━━━━━ Source data

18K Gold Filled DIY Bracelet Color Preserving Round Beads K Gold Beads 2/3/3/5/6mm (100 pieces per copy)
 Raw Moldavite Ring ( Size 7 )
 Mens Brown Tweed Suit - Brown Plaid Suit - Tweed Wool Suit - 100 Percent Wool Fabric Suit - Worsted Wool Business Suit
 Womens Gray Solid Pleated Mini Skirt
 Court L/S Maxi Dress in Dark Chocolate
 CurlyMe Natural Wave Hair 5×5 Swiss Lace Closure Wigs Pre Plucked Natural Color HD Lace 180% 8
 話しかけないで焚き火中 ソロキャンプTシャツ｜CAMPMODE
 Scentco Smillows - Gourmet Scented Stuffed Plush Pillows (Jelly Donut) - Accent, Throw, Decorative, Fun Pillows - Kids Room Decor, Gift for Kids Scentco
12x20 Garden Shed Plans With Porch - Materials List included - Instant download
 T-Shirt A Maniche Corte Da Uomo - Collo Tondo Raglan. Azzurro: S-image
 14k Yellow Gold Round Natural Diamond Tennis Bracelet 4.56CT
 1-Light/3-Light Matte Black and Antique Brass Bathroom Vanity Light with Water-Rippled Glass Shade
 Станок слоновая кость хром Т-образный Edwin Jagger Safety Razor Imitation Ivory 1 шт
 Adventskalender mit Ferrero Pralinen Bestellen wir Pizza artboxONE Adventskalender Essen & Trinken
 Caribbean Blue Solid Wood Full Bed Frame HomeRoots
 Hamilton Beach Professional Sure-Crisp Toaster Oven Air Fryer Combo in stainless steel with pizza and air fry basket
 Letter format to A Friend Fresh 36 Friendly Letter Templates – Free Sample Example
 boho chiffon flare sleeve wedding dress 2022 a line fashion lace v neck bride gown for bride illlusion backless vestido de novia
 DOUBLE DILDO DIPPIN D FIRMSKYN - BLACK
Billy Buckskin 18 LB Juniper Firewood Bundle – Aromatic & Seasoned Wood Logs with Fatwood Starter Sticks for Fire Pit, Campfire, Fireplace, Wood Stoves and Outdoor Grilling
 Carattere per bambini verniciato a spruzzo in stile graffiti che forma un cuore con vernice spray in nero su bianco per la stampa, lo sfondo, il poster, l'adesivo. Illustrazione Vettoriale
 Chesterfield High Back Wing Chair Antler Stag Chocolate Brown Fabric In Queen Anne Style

━━━━━━━━━━

The task ::
Return exactly what appears above, from the first line of the entries to the line with "12x20 Garden Shed", inclusive.

Answer section ::
18K Gold Filled DIY Bracelet Color Preserving Round Beads K Gold Beads 2/3/3/5/6mm (100 pieces per copy)
 Raw Moldavite Ring ( Size 7 )
 Mens Brown Tweed Suit - Brown Plaid Suit - Tweed Wool Suit - 100 Percent Wool Fabric Suit - Worsted Wool Business Suit
 Womens Gray Solid Pleated Mini Skirt
 Court L/S Maxi Dress in Dark Chocolate
 CurlyMe Natural Wave Hair 5×5 Swiss Lace Closure Wigs Pre Plucked Natural Color HD Lace 180% 8
 話しかけないで焚き火中 ソロキャンプTシャツ｜CAMPMODE
 Scentco Smillows - Gourmet Scented Stuffed Plush Pillows (Jelly Donut) - Accent, Throw, Decorative, Fun Pillows - Kids Room Decor, Gift for Kids Scentco
12x20 Garden Shed Plans With Porch - Materials List included - Instant download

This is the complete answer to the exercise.